DIRECTIONS
Pictures are not part of the answer. Return the lines from the one containing "Koi Fishes making" through the end of the data, both included, exactly as they appear.

DATA EXTRACT

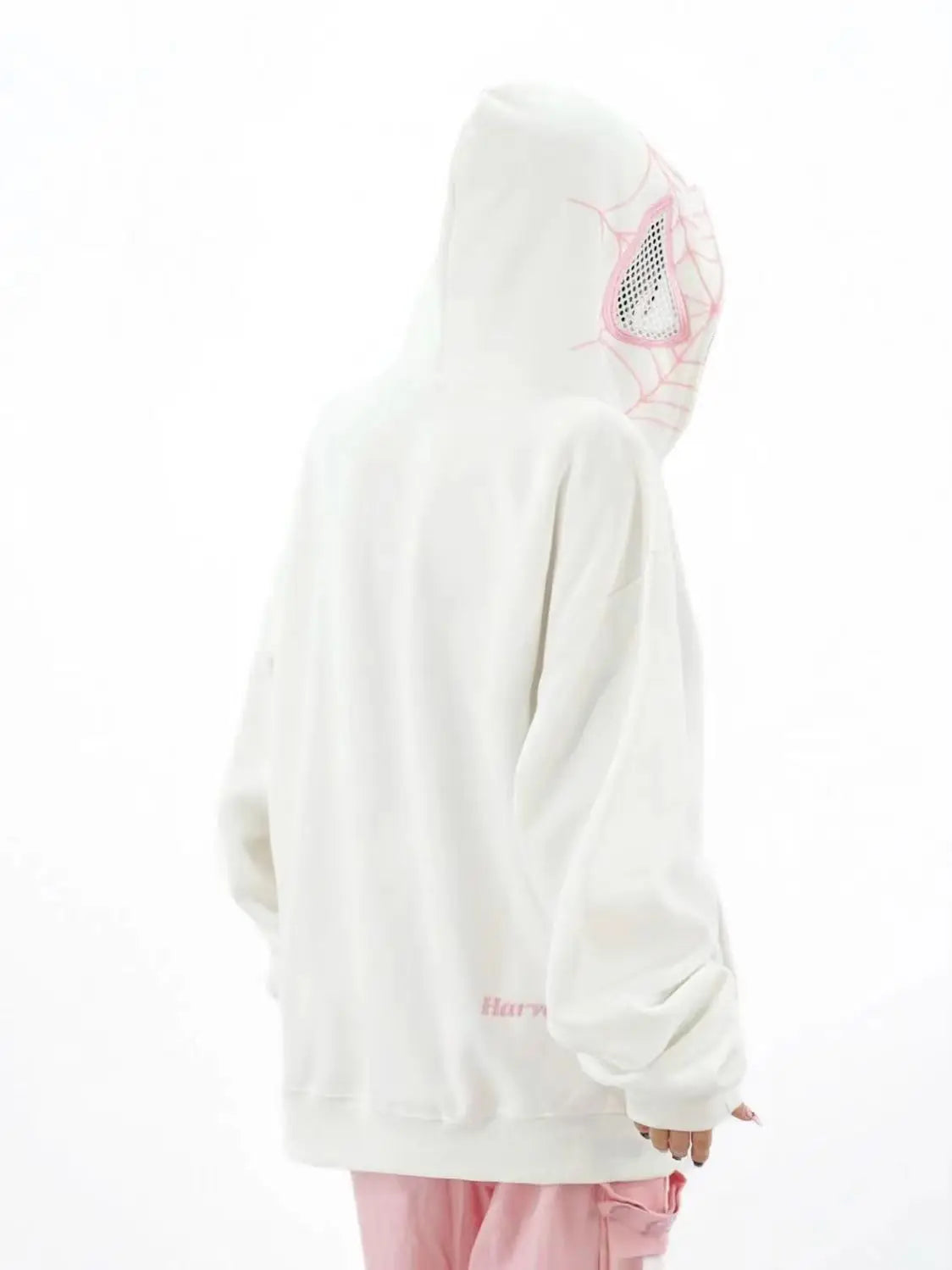 Oversized Y2K Spider Zip-Up Hoodie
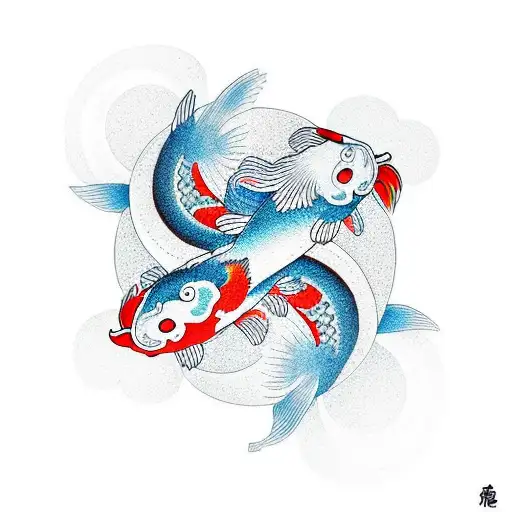 Koi Fishes making ying yang symbol  tattoo design idea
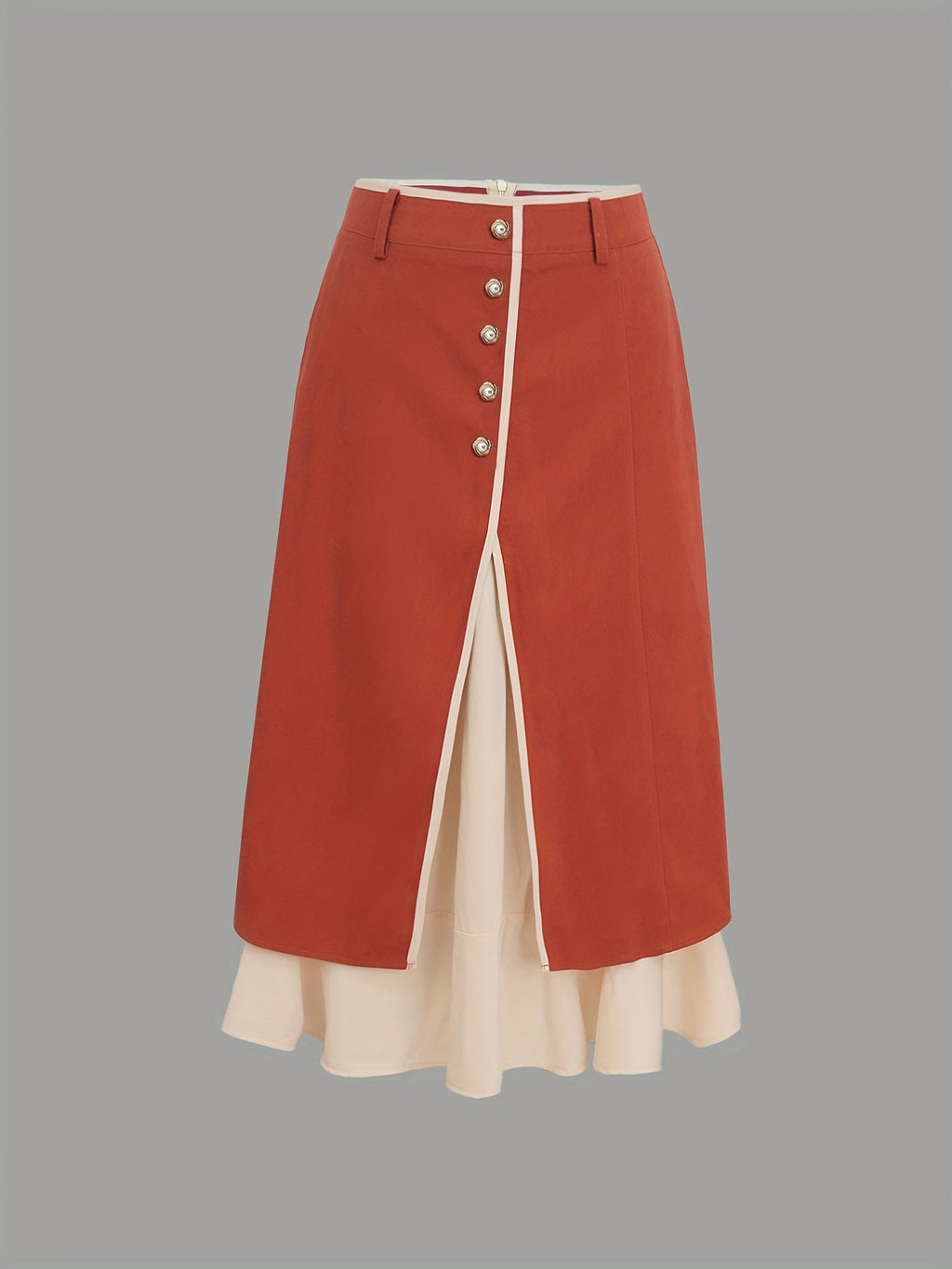 Red and white two-tone high-waisted women's skirt with side slit from SHOWLU FASHION STORE, perfect for stylish casual wear.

TASK ANSWER
 Koi Fishes making ying yang symbol  tattoo design idea
 Red and white two-tone high-waisted women's skirt with side slit from SHOWLU FASHION STORE, perfect for stylish casual wear.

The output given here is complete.